This is GM’s new series of Ultium Drive electric motors


GM will have 22 new EVs on sale by 2023, and they'll all use these motors.




arstechnica.com


----------



## brian_ (Feb 7, 2017)

Tremelune said:


> And now the motors:
> 
> 
> 
> ...


No surprises, but it's good to see some information. Now for some notes about details that are suggested by this material, but not specifically mentioned in the article...

The motors are bar-wound (or "hairpin"), like the Remy (now BorgWarner) motors that they used in the Two-Mode hybrids and the motors in the Spark and Bolt. An SAE paper about the design of the Bolt motor mentioned going to 6 conductors per slot from the Spark's 4 conductors per slot, but the image showing hand assembly of a pre-production motor looks like they're back to four, at least in this particular motor.

Ignoring the nonsensical wording ("induction magnet") it's interesting to see that they are taking the approach of using permanent magnet synchronous motors in general, but induction motors to minimize drag (and cost) where the motor is normally spinning unpowered (the "assist" unit).

It appears that GM is moving away from the hollow motor shaft and concentric (motor and axle) configuration of the Spark and Bolt to a more conventional layout... although not all units are shown in detail. The AWD assist unit seems to be the exception, appearing to be a concentric design (with a strange extra housing protrusion, unless it's a dual-motor unit which would be good).

In the AWD set of components on display, the rear unit appears to place the motor behind the axle line, while the front motor is ahead of the axle line.

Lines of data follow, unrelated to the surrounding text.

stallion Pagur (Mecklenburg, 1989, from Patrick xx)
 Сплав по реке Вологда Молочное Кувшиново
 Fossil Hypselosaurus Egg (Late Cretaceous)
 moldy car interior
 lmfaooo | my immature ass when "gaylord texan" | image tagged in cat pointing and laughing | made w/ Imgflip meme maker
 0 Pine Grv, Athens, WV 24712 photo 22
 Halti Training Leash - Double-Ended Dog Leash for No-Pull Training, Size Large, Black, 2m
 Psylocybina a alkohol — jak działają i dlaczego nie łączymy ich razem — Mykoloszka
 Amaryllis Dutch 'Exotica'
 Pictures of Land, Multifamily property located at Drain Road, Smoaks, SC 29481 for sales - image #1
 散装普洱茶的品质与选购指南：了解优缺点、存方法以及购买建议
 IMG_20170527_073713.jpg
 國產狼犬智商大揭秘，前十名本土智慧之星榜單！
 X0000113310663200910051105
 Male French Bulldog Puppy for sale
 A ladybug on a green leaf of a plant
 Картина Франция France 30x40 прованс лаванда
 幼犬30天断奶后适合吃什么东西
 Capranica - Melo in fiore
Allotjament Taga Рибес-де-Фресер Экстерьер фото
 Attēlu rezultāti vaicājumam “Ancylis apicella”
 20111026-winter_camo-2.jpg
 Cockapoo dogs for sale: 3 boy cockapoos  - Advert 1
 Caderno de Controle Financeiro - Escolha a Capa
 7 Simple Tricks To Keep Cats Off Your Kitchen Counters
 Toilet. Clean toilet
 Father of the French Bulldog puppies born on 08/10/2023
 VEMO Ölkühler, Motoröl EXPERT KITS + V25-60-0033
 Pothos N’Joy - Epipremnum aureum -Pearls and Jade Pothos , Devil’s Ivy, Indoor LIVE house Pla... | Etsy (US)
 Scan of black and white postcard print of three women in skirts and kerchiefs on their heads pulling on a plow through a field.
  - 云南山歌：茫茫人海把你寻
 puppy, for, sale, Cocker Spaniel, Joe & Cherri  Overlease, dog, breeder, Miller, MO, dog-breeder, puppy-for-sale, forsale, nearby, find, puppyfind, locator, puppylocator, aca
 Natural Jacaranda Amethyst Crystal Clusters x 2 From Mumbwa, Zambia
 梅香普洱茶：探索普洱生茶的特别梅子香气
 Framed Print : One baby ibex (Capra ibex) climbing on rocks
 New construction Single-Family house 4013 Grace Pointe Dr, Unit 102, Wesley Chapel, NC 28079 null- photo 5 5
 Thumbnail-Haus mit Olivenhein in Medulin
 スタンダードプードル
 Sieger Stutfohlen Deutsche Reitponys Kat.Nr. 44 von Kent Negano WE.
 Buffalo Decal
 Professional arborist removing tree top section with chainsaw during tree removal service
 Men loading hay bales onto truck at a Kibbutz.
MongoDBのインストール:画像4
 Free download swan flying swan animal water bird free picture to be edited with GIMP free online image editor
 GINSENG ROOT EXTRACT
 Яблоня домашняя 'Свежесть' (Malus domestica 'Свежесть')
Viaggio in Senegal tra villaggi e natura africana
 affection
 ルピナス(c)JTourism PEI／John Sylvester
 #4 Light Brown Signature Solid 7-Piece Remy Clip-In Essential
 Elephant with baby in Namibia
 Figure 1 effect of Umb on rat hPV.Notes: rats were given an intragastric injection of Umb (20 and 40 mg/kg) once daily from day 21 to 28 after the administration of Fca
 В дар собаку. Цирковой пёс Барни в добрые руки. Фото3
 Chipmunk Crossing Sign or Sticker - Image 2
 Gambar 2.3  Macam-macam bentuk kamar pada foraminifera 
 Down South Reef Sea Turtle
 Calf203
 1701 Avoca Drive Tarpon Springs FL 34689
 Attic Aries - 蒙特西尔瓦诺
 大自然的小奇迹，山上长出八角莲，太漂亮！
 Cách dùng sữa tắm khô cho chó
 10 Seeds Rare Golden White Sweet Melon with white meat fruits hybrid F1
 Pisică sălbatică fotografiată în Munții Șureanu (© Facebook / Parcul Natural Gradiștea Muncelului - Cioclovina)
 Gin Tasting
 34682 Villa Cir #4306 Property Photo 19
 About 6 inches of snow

This makes sense to maximize space available within the wheelbase for the battery pack. Of course the difference between front and rear units is primarily that the inverter package is on top of the front unit (and the truck unit), and on the side (front side) of the car rear unit to minimize height.

Only three motors - one of which is an assist unit that is probably quite low-powered - doesn't seem like much variation for the company's entire product range. It will presumably be like the generation of Nissan Leaf: one motor limited to various power levels due to other components of the system (mostly battery), so the smallest cars haul extra motor weight around and the most powerful run the motor at screaming high temperatures if pushed hard. That might be okay, and will make aftermarket modification and DIY use easier.


----------



## Tremelune (Dec 8, 2009)

I'm hoping the compact packaging allows them to put them in wildly different cars that only need similar power delivery...Millions of "standard" motors flooding junkyards like so many small blocks...


----------



## brian_ (Feb 7, 2017)

Tremelune said:


> I'm hoping the compact packaging allows them to put them in wildly different cars that only need similar power delivery...Millions of "standard" motors flooding junkyards like so many small blocks...


That is how it works with engines now - a Corvette and a Silverado pickup are not similar, but have the same engine with only tiny variations. The drive units will be even more similar, because much of the performance variation between vehicles will be due to battery differences. The nice thing about the EV drive units is that nearly every wrecked vehicle will a source of a salvaged drive unit or two, since the motors and very simple gearboxes should have no problem outliving the vehicles that they're in.


----------



## Duncan (Dec 8, 2008)

"I'm hoping the compact packaging allows them to put them in wildly different cars that only need similar power delivery...Millions of "standard" motors flooding junkyards like so many small blocks. "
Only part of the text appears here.